| Extracted data entries |
--- START ---
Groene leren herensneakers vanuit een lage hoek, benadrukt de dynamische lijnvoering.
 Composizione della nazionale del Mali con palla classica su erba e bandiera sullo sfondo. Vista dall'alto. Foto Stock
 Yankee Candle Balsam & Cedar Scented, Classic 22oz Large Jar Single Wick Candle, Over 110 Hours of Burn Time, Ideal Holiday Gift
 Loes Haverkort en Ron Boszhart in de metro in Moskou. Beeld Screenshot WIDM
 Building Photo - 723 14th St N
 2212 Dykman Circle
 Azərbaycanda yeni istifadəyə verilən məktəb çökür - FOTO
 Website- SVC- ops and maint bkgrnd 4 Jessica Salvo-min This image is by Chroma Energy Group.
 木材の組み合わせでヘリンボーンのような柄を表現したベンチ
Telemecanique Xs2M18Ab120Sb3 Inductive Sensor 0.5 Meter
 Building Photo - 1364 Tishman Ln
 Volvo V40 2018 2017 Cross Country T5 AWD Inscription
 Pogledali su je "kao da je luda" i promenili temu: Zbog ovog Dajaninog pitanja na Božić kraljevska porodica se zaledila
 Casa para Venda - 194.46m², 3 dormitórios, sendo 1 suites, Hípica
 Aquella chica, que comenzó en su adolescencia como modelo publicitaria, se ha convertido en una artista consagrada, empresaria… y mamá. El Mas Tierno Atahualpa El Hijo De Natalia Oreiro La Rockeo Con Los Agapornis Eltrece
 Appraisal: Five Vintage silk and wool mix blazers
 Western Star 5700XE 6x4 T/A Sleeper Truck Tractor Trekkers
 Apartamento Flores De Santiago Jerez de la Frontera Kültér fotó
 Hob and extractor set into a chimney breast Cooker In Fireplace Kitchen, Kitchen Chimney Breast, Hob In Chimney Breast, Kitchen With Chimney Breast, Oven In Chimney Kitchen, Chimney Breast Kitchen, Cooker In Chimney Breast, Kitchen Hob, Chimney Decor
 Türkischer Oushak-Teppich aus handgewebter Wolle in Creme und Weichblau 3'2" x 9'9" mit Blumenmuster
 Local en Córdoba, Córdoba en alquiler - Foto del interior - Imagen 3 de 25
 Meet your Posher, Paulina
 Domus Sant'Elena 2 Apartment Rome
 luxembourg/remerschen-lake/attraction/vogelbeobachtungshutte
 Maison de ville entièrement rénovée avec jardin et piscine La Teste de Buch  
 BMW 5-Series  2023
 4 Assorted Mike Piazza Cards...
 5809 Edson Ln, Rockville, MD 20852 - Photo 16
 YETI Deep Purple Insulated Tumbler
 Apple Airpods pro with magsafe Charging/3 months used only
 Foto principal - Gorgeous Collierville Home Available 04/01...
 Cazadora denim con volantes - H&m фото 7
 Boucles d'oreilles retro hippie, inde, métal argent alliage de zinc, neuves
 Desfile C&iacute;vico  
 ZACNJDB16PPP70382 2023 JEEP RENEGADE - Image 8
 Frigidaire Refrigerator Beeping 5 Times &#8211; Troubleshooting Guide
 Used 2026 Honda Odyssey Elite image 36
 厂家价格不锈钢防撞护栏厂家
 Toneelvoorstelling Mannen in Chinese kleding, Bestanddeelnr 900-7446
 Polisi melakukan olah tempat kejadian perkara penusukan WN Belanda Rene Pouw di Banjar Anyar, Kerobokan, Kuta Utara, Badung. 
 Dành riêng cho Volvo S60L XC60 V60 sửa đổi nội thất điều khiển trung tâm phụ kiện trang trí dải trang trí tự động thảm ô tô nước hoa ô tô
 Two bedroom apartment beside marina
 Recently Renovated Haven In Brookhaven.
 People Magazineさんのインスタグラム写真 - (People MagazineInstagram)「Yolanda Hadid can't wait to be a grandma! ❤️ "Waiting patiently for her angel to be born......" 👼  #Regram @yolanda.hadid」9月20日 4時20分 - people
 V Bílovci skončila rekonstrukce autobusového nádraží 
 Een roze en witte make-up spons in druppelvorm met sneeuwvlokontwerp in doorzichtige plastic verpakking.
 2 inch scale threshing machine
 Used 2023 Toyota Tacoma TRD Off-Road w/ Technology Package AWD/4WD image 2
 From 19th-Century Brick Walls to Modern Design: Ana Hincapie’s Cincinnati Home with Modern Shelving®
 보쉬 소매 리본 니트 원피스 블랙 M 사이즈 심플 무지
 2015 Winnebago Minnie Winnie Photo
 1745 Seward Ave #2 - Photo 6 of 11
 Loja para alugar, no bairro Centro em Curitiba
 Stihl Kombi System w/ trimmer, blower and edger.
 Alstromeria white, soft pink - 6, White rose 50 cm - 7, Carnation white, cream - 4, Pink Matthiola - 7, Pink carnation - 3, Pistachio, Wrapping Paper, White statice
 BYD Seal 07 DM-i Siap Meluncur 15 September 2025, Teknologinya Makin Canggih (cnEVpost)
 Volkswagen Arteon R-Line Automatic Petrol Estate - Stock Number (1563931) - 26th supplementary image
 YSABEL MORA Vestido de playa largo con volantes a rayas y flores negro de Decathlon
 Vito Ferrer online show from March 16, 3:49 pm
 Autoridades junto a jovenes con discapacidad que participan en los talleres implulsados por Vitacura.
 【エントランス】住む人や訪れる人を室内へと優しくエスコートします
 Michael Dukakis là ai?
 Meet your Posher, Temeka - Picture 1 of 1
--- END ---
| Activity |
Whenever a line of the entries contains the string "Building", copy that line.

| Task result |
 Building Photo - 723 14th St N
 Building Photo - 1364 Tishman Ln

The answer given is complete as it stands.